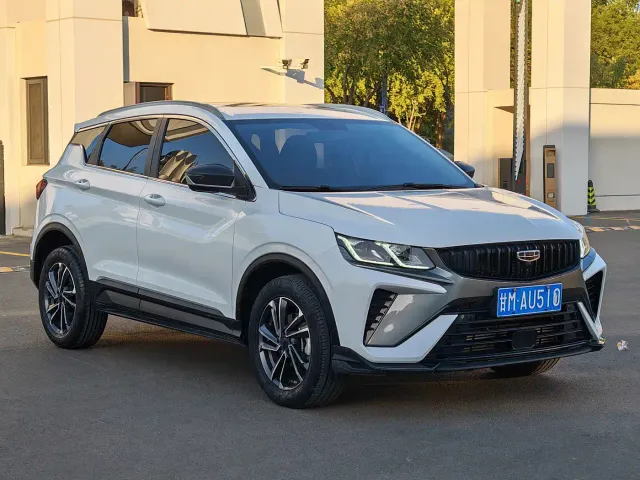 Geely Binyue — Фото автомобиля 3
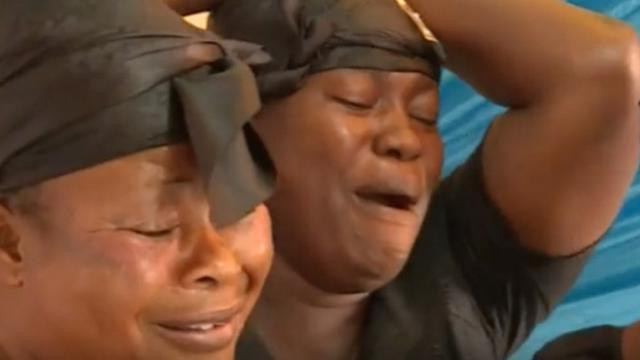 pelayat profesional bertarif ratusan juta (foto: BBC Video)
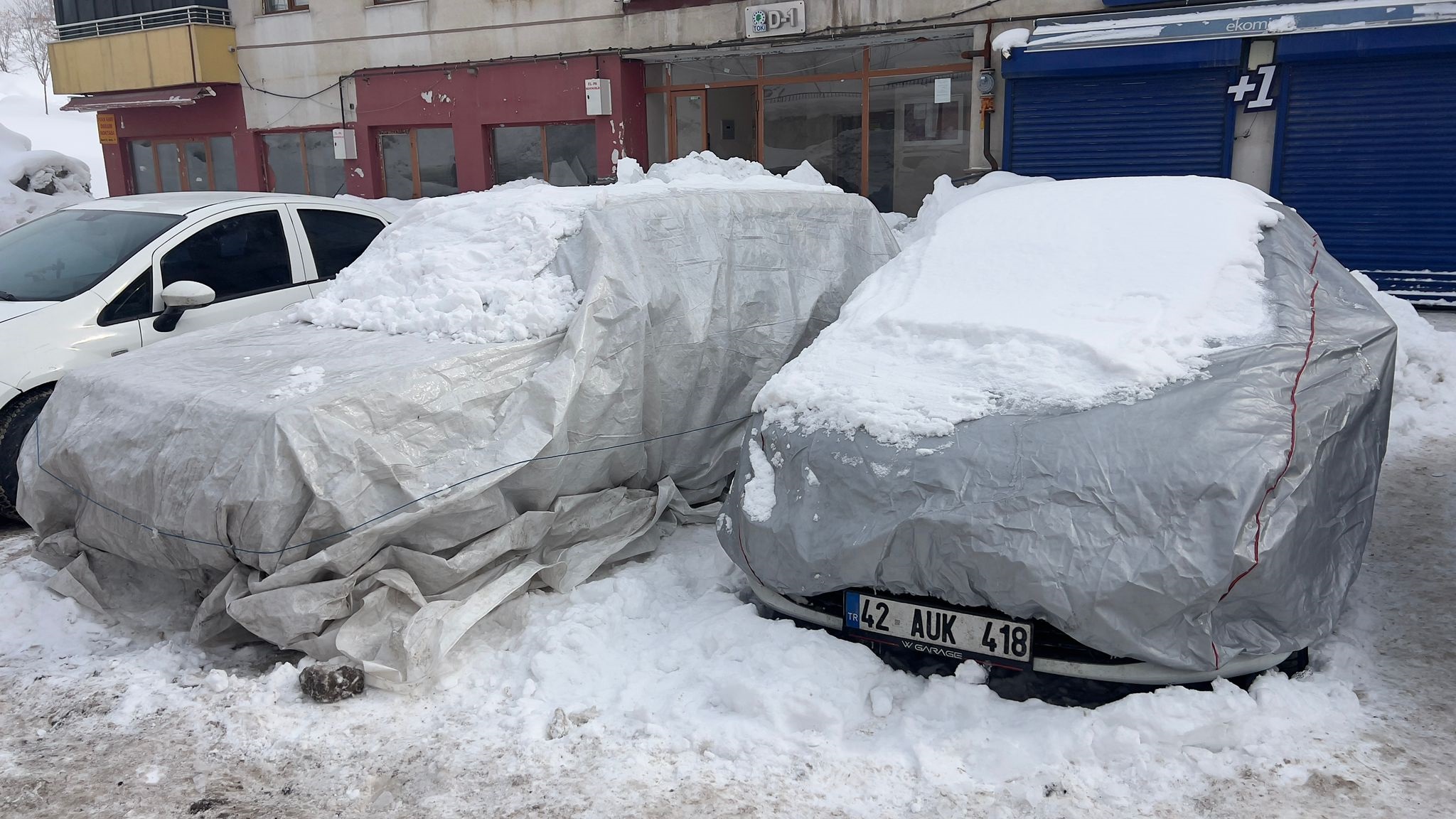 T U R K I Y E N I N E N S O G U K Y E R I E K S I 327 D E R 1128819 335130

........

Write out, with no pictures, only the lines from the line containing "pelayat profesional bertarif" through the last line of the listing above, exactly and with both ends included.

Result of this task>
 pelayat profesional bertarif ratusan juta (foto: BBC Video)
 T U R K I Y E N I N E N S O G U K Y E R I E K S I 327 D E R 1128819 335130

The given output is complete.